Steppas' Delight chronology
|  | Steppas' Delight (2008) | Steppas' Delight 2 (2009) |

= Steppas' Delight =

Steppas' Delight is a 2008 compilation album by Soul Jazz Records. The album is a compilation of dubstep music from various artists.

==Background==
Brandon Ivers of XLR8R declared that during 2008 "seemingly everyone is releasing some sort of compilation [about dubstep] before the current run of self-mythologizing has had a chance to stick."

==Release==
Steppas' Delight was initially announced as being released by the end of March 2008. It was released later on May 19 with a release party on May 17 with Kode9, Hatcha, Crazy D, Chef & LD, Geiom, Ikonika, and the Soul Jazz Soundsystem performing at Electrowerkz in the UK. The album was released on compact disc and vinyl record.

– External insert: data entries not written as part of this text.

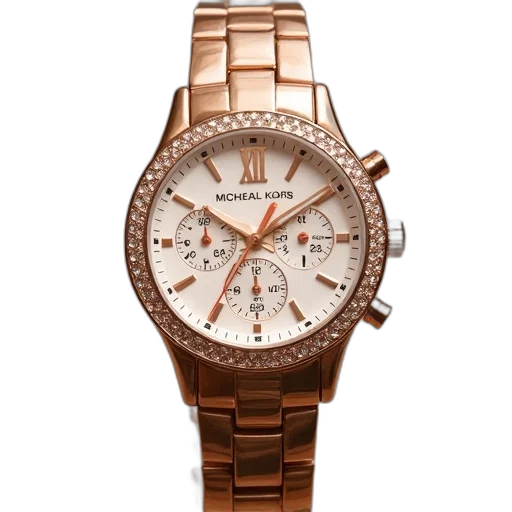jewelry, michael, kors, women transparent PNG cut-out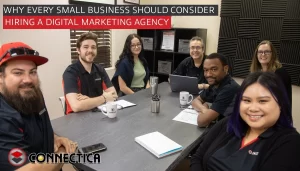 digital marketing company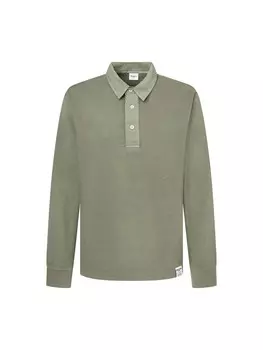 Рубашка Pepe Jeans HENRY LS, зеленый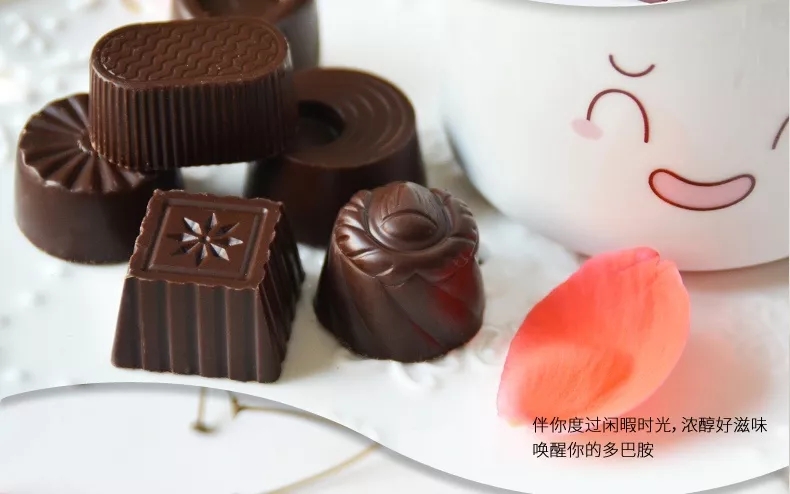 吉賦特巧克力與您相約禮品展，驚喜搶先看！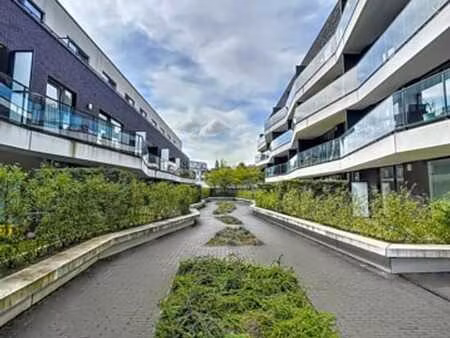 standing appart non meublé 3ch-terrasses-pkg-merode/eu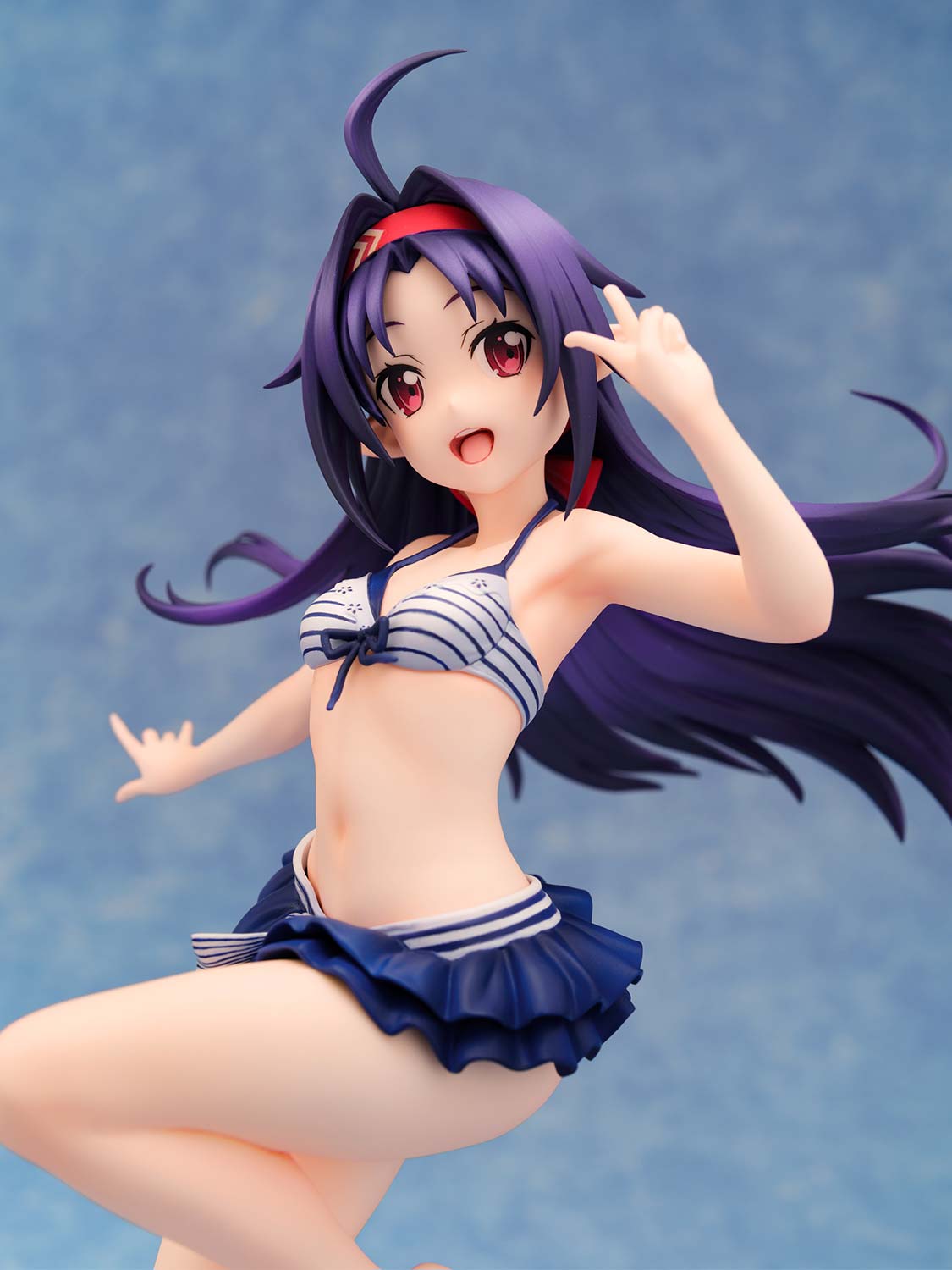 (PO) Sword Art Online Alicization War of Underworld - Yuuki Swimwear Ver.
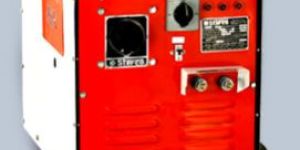 DC Welding Rectifier Model - SDC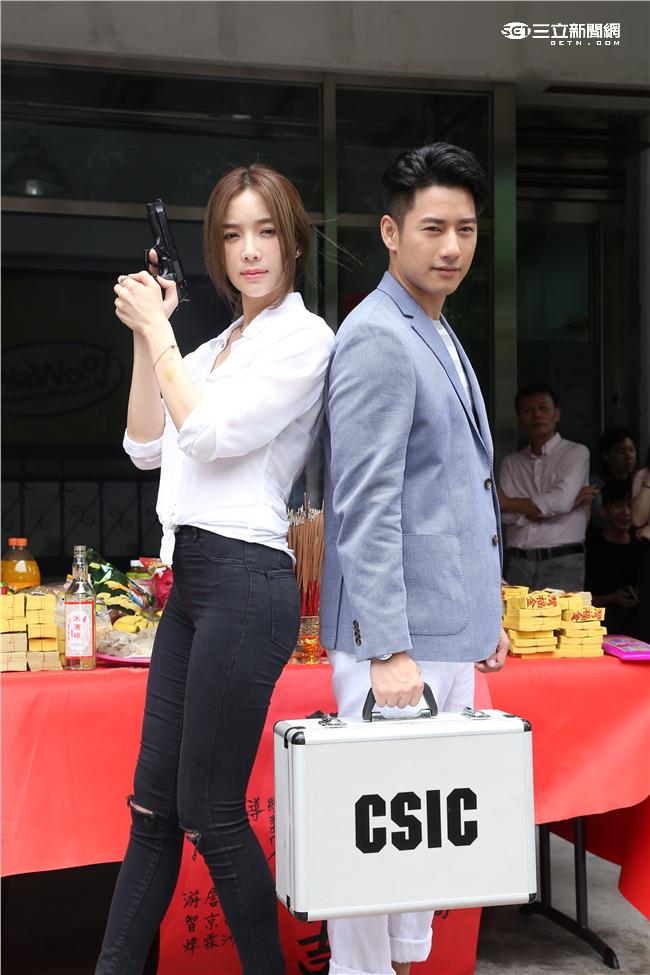 王識賢.蔡淑臻.周孝安.蘇達.紀培慧主演戲劇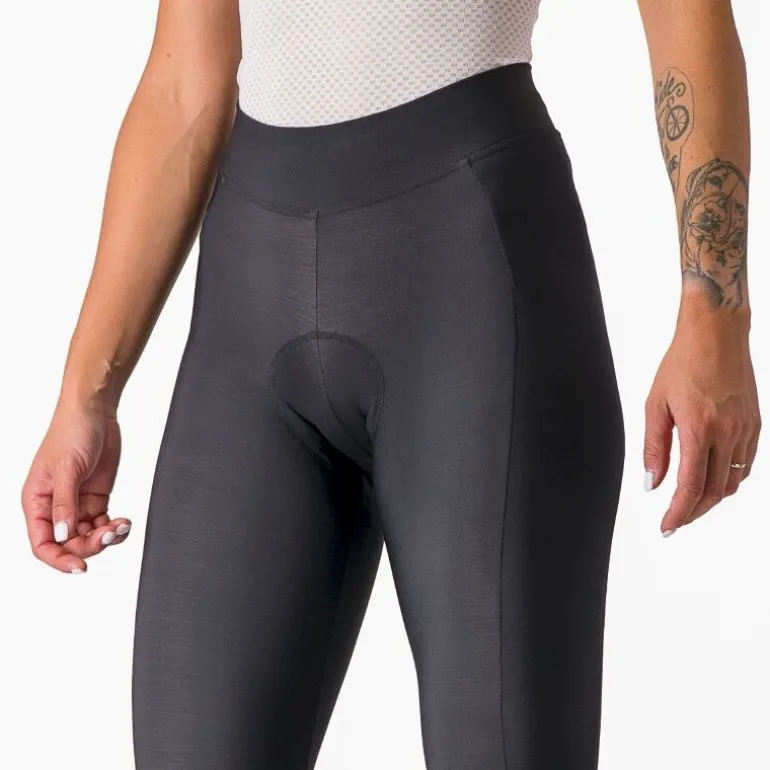 CastelliVelocissima Thermal Tight - Cuissard vélo femme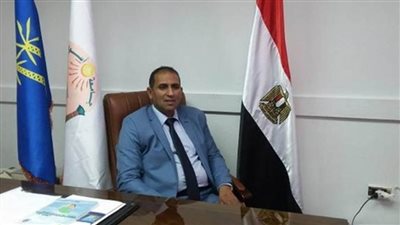 رئيس جامعة أسوان: نتعاون مع (الأوقاف) لمقاومة الأفكار الهدامة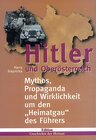 Buchcover Hitler und Oberösterreich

A follow-up, titled Steppas' Delight 2, was released on September 28, 2009.

==Reception==

Alex Macpherson of The Guardian declared the album to be a "beautifully packaged dubstep compendium" that showcased the music as "living, breathing music" that "perfectly captures the intense physicality at the heart of dubstep." Ivers found that Steppas' Delight felt he did not know the audience for the album, stating "if it's meant to educate dubstep novices, 19 unmixed tracks make for an awfully monotonous listen." noting that "great tracks" such as Shackleton's "Blood on My Hands" "wears thin when not used as a mixing tool."

Professional ratings
Review scores
| Source | Rating |
| The Guardian |  |

==Track listing==
1. Kode9 – "9 Samurai" (3:40)
2. Benga – "Evolution" (5:14)
3. Search and Destroy – "Candy Floss (Loefah Mix)" (5:17)
4. Plastician featuring Skepta – "Intensive Snare" (3:48)
5. Uncle Sam –"Round The World Girls (Tes La Rok Mix)" (5:43)
6. The Bug and Warrior Queen –"Poison Dart" (3:51)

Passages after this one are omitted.